L.R. VS. CHERRY HILL BOARD OF EDUCATION, ET AL. (L-5609-11, CAMDEN COUNTY AND STATEWIDE) (A-1819-20)

 L.R. VS. CHERRY HILL BOARD OF EDUCATION, ET AL. (L-5609-11, CAMDEN COUNTY AND STATEWIDE) (A-1819-20)

Plaintiff L.R. is the mother of a disabled student attending the Camden City Public Schools. She served defendant Cherry Hill Board of Education and its record custodian with an Open Public Records Act (OPRA), N.J.S.A. 47:1A-1 to -17, request for all settlement agreements from all lawsuits in which defendant was sued by a student and/or their parent. The request asked defendant to redact the parent and student names leaving only their initials. Defendant produced the documents sought but redacted all personally identifiable information (PII), including initials.

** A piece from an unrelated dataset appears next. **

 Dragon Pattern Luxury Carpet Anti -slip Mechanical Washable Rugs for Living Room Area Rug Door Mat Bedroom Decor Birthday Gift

Plaintiff appealed. Following the decisions in L.R. v. Camden City Public School District (L.R. I), 452 N.J. Super. 56 (App. Div. 2017), and L.R. v. Camden City Public School District (L.R. II), 238 N.J. 547 (2019), the trial judge dismissed the complaint finding plaintiff was not entitled to the initials because she: (1) Was not authorized to obtain the information by means of a court order; and (2) lacked a common law right of access to student records because defendant had a legitimate claim of confidentiality under the Family Educational Records and Privacy Act, 20 U.S.C. 1232g, and the New Jersey Pupil Records Act, N.J.S.A. 18A:36-19.

Following this appeal, the Department of Education promulgated new regulations governing public access to student records under OPRA in response to L.R. II. The regulations define PII and student records that may be released pursuant to a court order provided the records do not contain any PII. N.J.A.C. 6A:32-2.1. They also state student "records removed of all [PII]" may be released without consent. N.J.A.C. 6A:32-7.5(g)(1).

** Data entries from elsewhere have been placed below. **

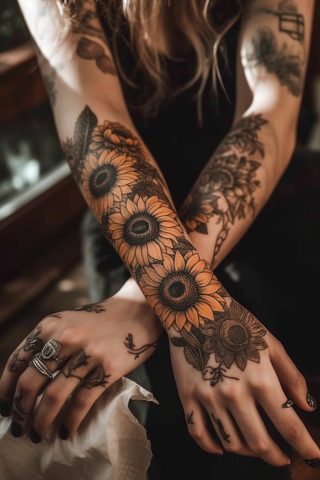 Sunflower hand tattoos for women#43
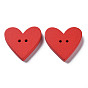 2-Hole Spray Painted Wood Buttons, Heart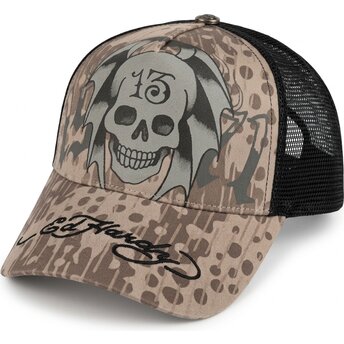 Lippikset kaareva rekka harmaa snapback 13 Skull Ed Hardy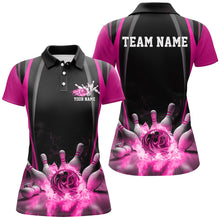 Load image into Gallery viewer, Black And Pink Bowling Jersey Custom Flame Bowling Shirts For Women, Bowling Team Uniform IPHW7510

On appeal, the court affirmed, holding the new regulations were not retroactive, and even if they were defendant's redaction of the initials was consistent with the regulations and the trial judge's ruling that plaintiff was not entitled to unredacted records. The court held plaintiff's reliance on Keddie v. Rutgers, 148 N.J. 36, 40 (1997), establishing the public's common law right to records, and C.E. v. Elizabeth Public School District, 472 N.J. Super. 253 (App. Div. 2022), establishing the right to settlements entered before the Office of Administrative Law under OPRA, were inapposite because those cases involved the failure to produce documents not whether a defendant should have redacted the PII altogether.